Platforms: iOS, Android; browser app
Ideal for: Brokerages, agents and multiple listing services

Top selling points:

  • App for both platforms
  • Local MLS integration
  • Agent-developed
  • Past tours recorded per client
  • Touring routing

Top concern:

The competition in the home tour and showing space is getting thick, and it appears to me this app was pushed out while still ultimately in development. If it interests you, get a solid idea of where it stands before committing.

What you should know

Another home tour and showing app (for mobile and desktop) has emerged from Bend, Oregon, on the heels of ShowingTime becoming part of Zillow.

But whereas its neighbor Instashowing emerged as the first-to-announce showing scheduler competitor to Zillow’s new plaything, About Time Tours leans more toward addressing all aspects of the home tour process, not just showings from the listing agent’s perspective.

About Time Tours takes a full-featured approach by managing lists of clients, their preferred properties, current and past homes viewed, a user’s listings, preferred homes and supporting multihome tour navigation.

Let’s get into it.

Features are spread throughout three modules: Tours, Clients and Listings.

The Tours module, its primary offering, is map-centric and details upcoming and past tours, and it allows users to assemble a new one. There are times listed with each tour so the user knows not to overlap times and dates. However, I’d like to see the app tell me of conflicting tour times.

Tours are also categorized by client name. Would tours organized by day be easier? After all, that is how most of us plan our work weeks.

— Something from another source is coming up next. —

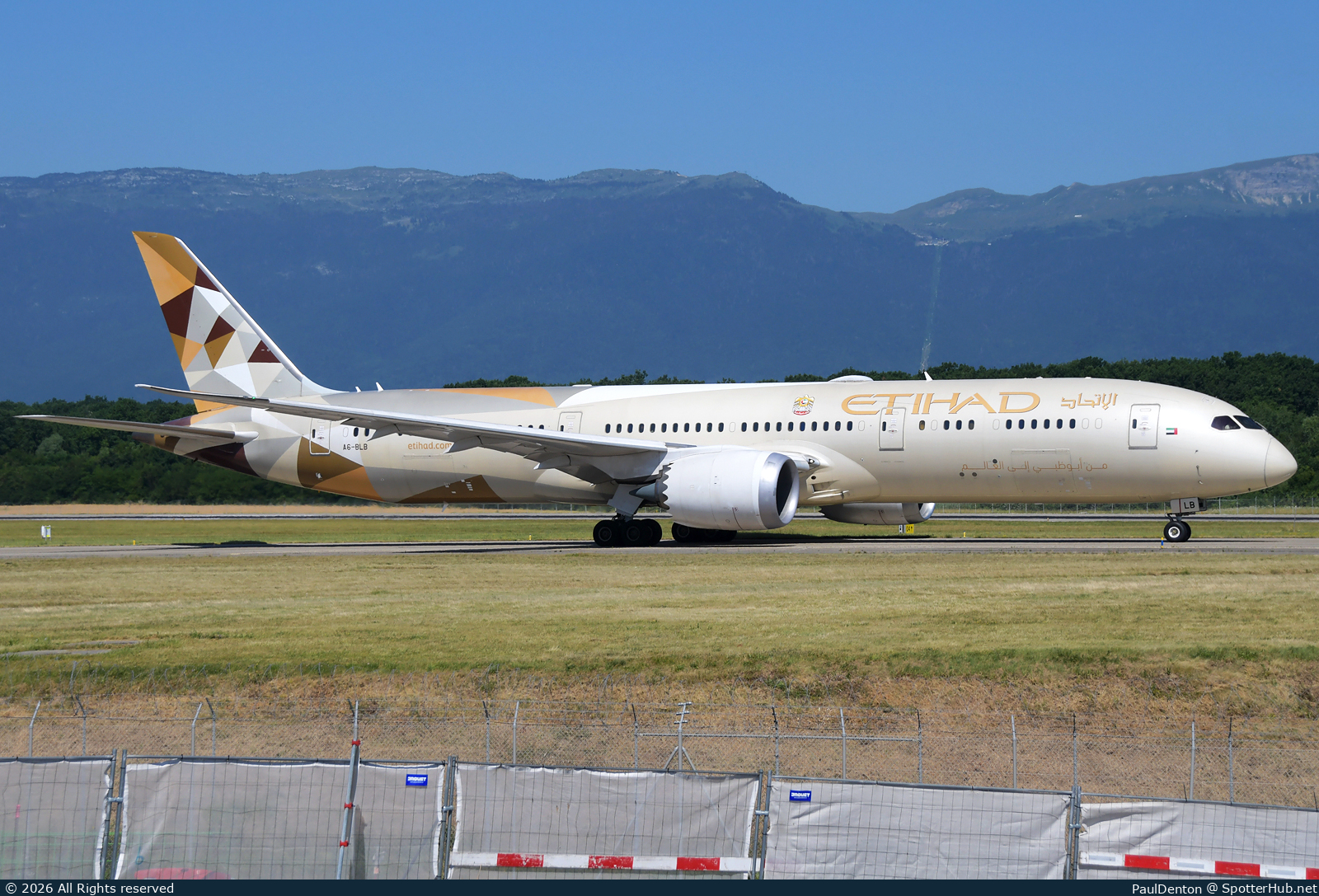 Photo of A6-BLB - Boeing 787-9 Dreamliner operated by Etihad Airways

I like that when you tap a client to create a new tour for them, it auto-generates a list of the homes they prefer. Once a home tour is created, alerts to the listing agent are sent via text, email and through the app (if being used by the listing agent) for confirmation. If a tour is assembled and then a listing agent’s response indicates needing to reschedule, the published tour will self adjust for all parties and notify buyers.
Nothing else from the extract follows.